Washington President Barack Obama achieved a milestone Wednesday when a Senate committee approved a plan to revamp the U.S. health care system.
The Senate panel’s action, which attracted no Republican votes, came as the president’s campaign organization rolled out television ads to build support for his top domestic priority.
Obama met with Republicans at the White House in search of an elusive bipartisan compromise on his call to expand coverage to the nearly 50 million uninsured Americans as well as restrain spending increases in health care.
But the 13-10 party-line vote in the Senate health committee signaled a deepening rift in Congress. While Democrats respond to Obama’s call for action with renewed determination, Republicans are using harsher words to voice their misgivings.
In the House, Democrats began pushing legislation through the first of three committees, although moderate and conservative members of the rank and file were demanding changes. In the Senate, lawmakers were considering fees on health insurance companies as a new source of potential financing for a $1 trillion package that’s short on funds.
“We have delivered on the promise of real change,” Sen.
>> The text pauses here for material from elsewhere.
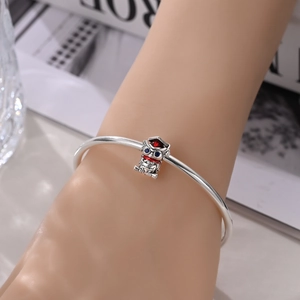 Silver open bangle with graduation charm featuring a red cap and Finished engraving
Christopher Dodd, D-Conn., said as he presided over the Senate health committee vote, alluding not only to his bill but also to Obama’s campaign promise.
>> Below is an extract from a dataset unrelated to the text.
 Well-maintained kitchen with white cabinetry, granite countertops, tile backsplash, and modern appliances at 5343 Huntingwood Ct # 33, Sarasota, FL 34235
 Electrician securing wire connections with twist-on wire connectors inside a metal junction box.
The president was in the Rose Garden for the latest in a daily series of public appeals to Congress to “step up and meet our responsibilities” and move legislation this summer. Obama also pushed his message on network television interviews.
Wednesday’s Senate health committee vote “should make us hopeful — but it can’t make us complacent,” Obama said. “It should instead provide the urgency for both the House and the Senate to finish their critical work on health reform before the August recess.”
The health panel’s $615 billion measure would require individuals to get health insurance and employers to contribute to the cost. The bill calls for the government to provide financial assistance with premiums for individuals and families making up to four times the federal poverty level, or about $88,000 for a family of four, a broad cross-section of the middle class.
Obama wants the House and Senate to act on health care this summer and put final legislation on his desk this fall.